Data section
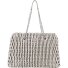  Ruga Niecy Sac à bandoulière 37 cm Modéle grey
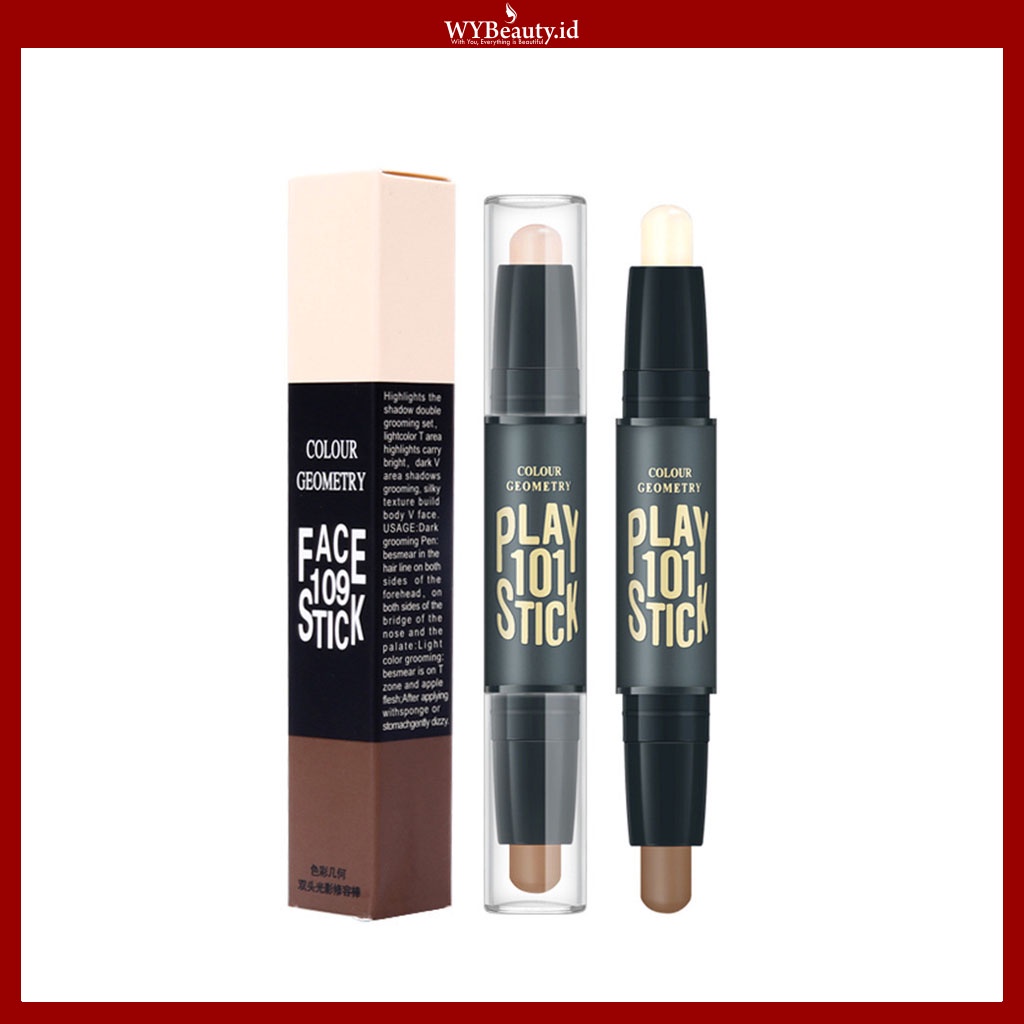 LAMEILA FACE STICK CONCEALER CONTOUR FACESTICK LA036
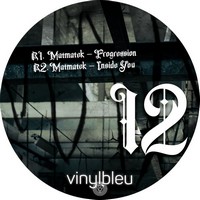 Vinyl Bleu 12 (precommande - dispo le 13-06)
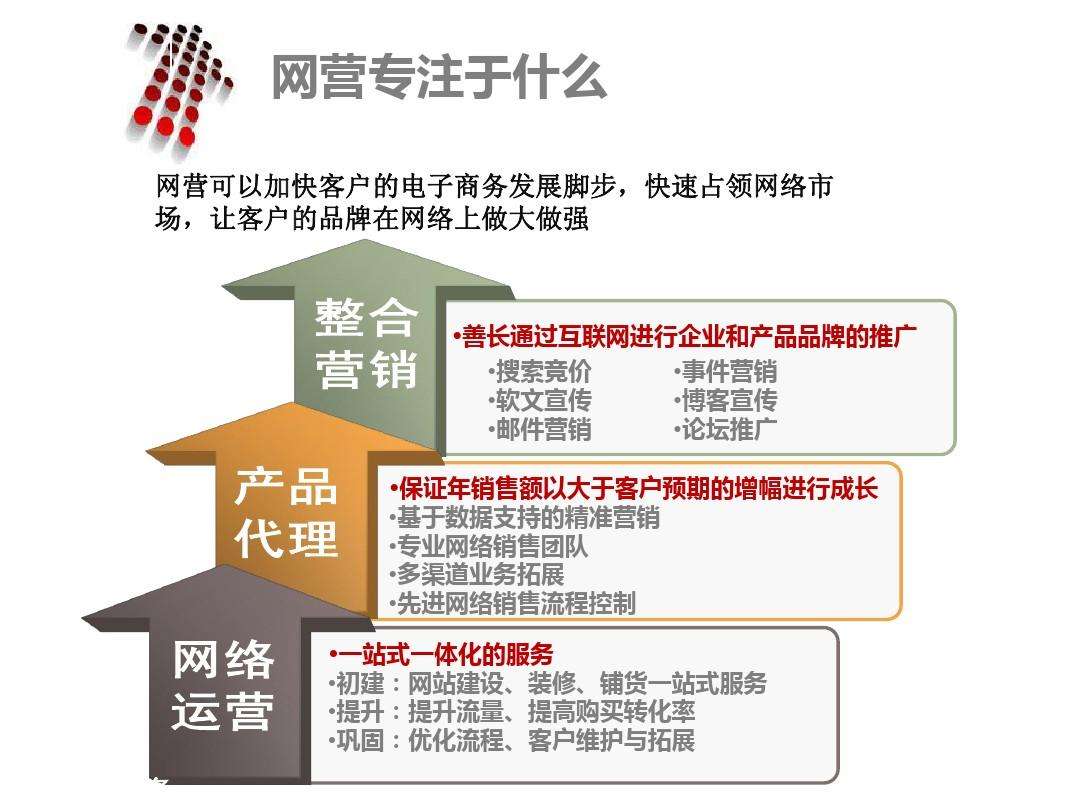 电商商务运营(电子商务运营综合实训500)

Work request
The result is an exact copy of the lines from the one holding "Vinyl Bleu 12 (precommande - dispo le 13-06)" through the final line of the data above, both ends included, minus the pictures.

Answer section
 Vinyl Bleu 12 (precommande - dispo le 13-06)
 电商商务运营(电子商务运营综合实训500)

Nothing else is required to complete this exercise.